Short descriptive text snippets:

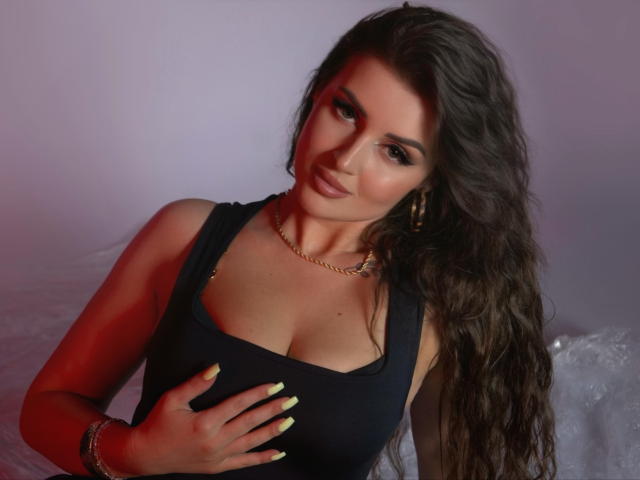 JessieAmore with long brown hair, wearing a black tank top, gold necklace, and yellow nails, covering her large, rounded tits with one hand. She has a cute, sexy smile.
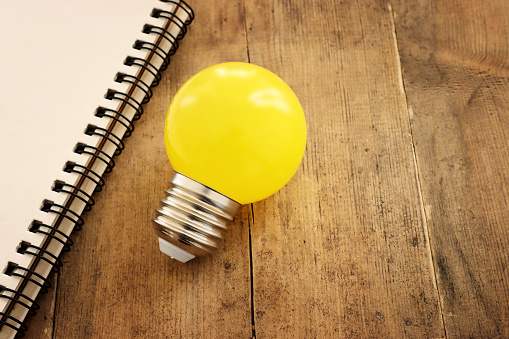 Education concept image. Creative idea and innovation. light bulb metaphor over wooden background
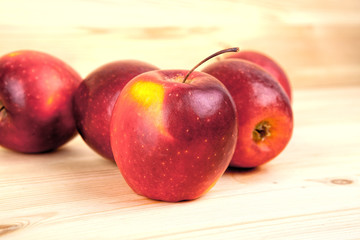 Ripe red apples on wooden background .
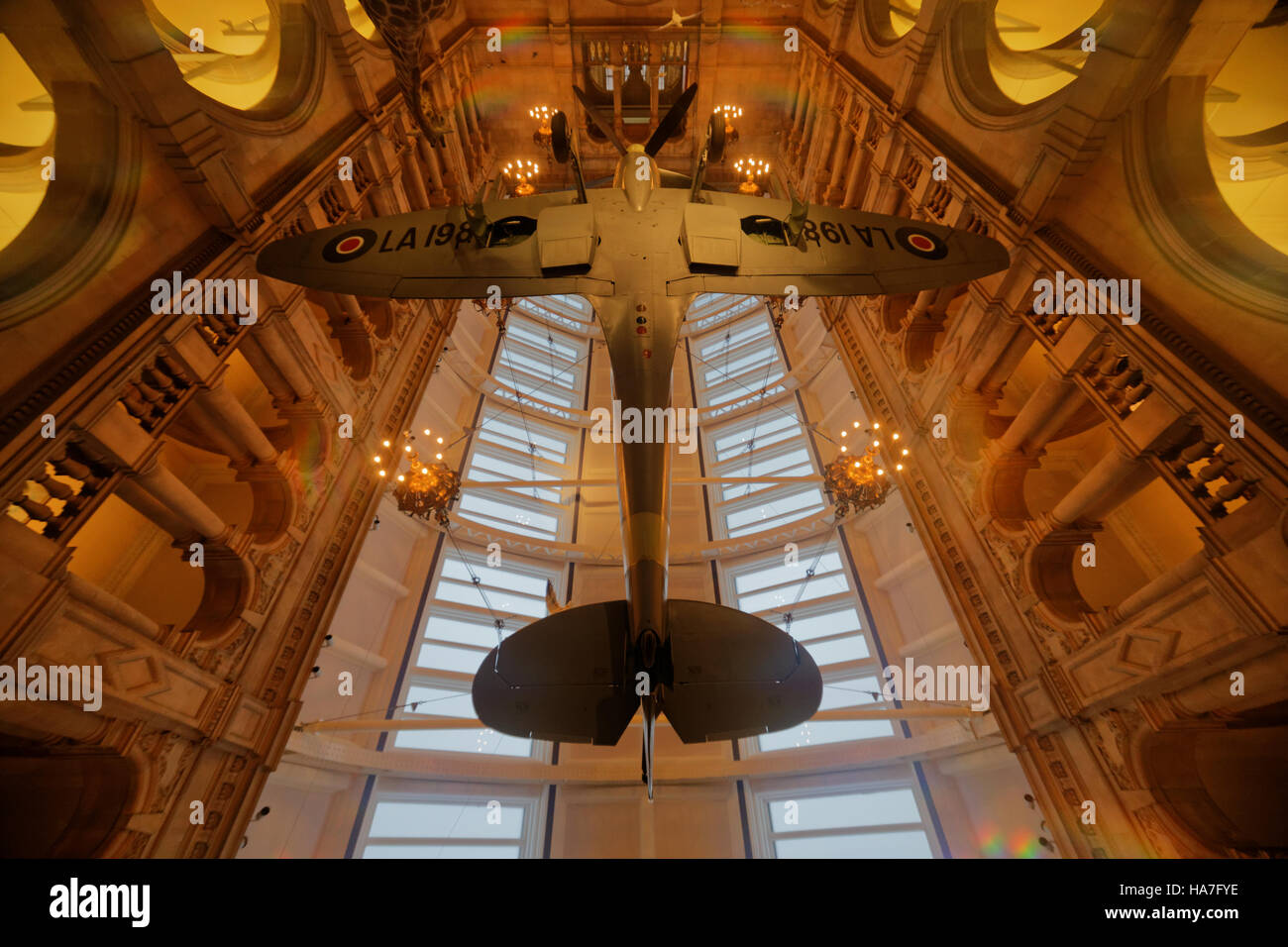 Glasgow Kelvingrove museum interior inside the galleries spitfire war plane hanging from ceiling viewed from below Stock Photo
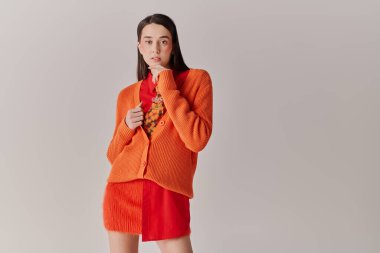 Zarif bir kadın kendine güvenerek koyu turuncu bir hırka giyiyor ve dikkat çekici kırmızı bir kıyafet giyiyor..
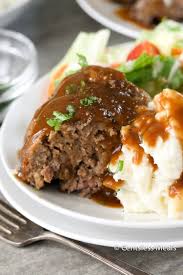A Serving Of Stove Top Meatloaf On A White Plate Served With Mashed Potatoes And A Side Salad Stove Top Meatloaf Stove Top Recipes Stove Top Stuffing Meatloaf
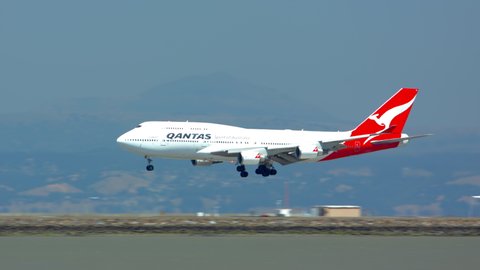 SAN FRANCISCO, CA - 2020: Qantas Boeing 747-400 Jet Airliner Landing on Runway at San Francisco SFO International Airport Arriving on a Sunny Day in California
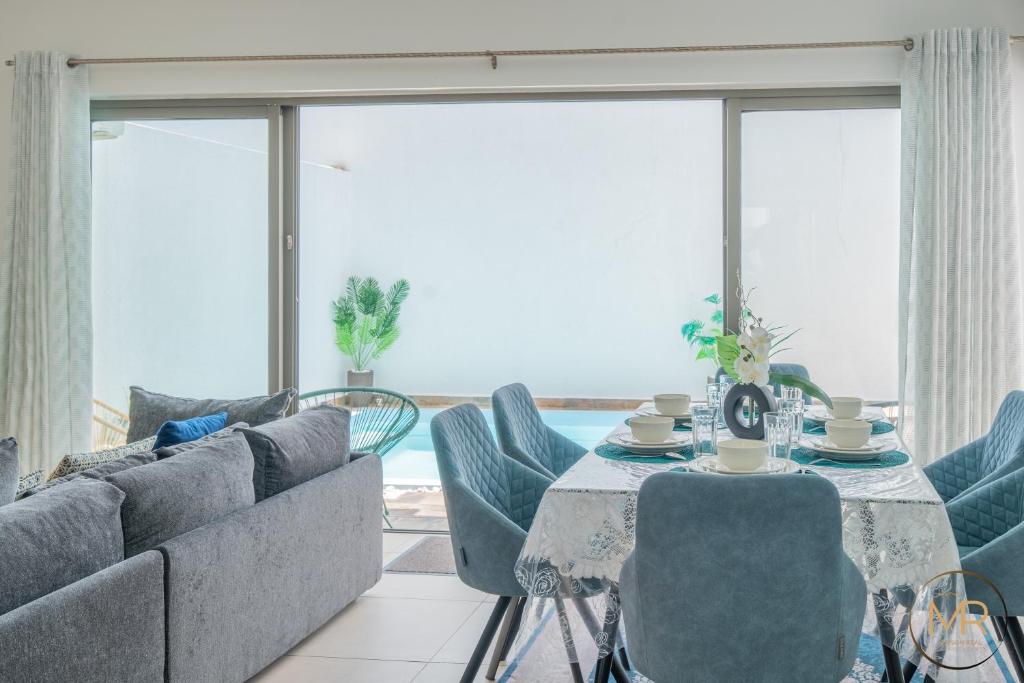 a living room with a couch and a table and chairs at Azure 4 Bedrooms Haven Retreat: Where Tranquility Meets Turquoise Waters, Flic en Flac Mauritius in Flic-en-Flac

- Task details
Your task is an exact printout of the records above, with no pictures.

- Solution for this problem
 JessieAmore with long brown hair, wearing a black tank top, gold necklace, and yellow nails, covering her large, rounded tits with one hand. She has a cute, sexy smile.
 Education concept image. Creative idea and innovation. light bulb metaphor over wooden background
 Ripe red apples on wooden background .
 Glasgow Kelvingrove museum interior inside the galleries spitfire war plane hanging from ceiling viewed from below Stock Photo
 Zarif bir kadın kendine güvenerek koyu turuncu bir hırka giyiyor ve dikkat çekici kırmızı bir kıyafet giyiyor..
A Serving Of Stove Top Meatloaf On A White Plate Served With Mashed Potatoes And A Side Salad Stove Top Meatloaf Stove Top Recipes Stove Top Stuffing Meatloaf
 SAN FRANCISCO, CA - 2020: Qantas Boeing 747-400 Jet Airliner Landing on Runway at San Francisco SFO International Airport Arriving on a Sunny Day in California
 a living room with a couch and a table and chairs at Azure 4 Bedrooms Haven Retreat: Where Tranquility Meets Turquoise Waters, Flic en Flac Mauritius in Flic-en-Flac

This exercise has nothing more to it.